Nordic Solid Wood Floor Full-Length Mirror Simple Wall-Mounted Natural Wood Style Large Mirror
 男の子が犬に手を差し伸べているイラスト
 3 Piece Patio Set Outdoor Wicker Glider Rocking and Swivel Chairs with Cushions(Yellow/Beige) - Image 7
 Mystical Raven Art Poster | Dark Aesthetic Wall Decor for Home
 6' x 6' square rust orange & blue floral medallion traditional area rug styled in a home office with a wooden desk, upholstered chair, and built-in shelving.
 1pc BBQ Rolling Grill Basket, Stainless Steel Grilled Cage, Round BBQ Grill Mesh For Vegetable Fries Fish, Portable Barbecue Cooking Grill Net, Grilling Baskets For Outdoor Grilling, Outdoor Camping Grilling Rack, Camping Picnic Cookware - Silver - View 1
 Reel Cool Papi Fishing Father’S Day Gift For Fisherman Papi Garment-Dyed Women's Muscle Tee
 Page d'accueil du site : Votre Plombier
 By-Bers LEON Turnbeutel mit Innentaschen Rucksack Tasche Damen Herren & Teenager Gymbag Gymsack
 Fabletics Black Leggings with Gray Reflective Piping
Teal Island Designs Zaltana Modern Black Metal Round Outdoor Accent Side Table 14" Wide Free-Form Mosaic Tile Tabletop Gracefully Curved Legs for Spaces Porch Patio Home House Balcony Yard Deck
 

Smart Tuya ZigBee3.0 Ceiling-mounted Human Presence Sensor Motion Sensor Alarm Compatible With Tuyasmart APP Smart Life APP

**What the task asks:**
The answer is every line in the data where the word "Wall" appears.

**Your response:**
Nordic Solid Wood Floor Full-Length Mirror Simple Wall-Mounted Natural Wood Style Large Mirror
 Mystical Raven Art Poster | Dark Aesthetic Wall Decor for Home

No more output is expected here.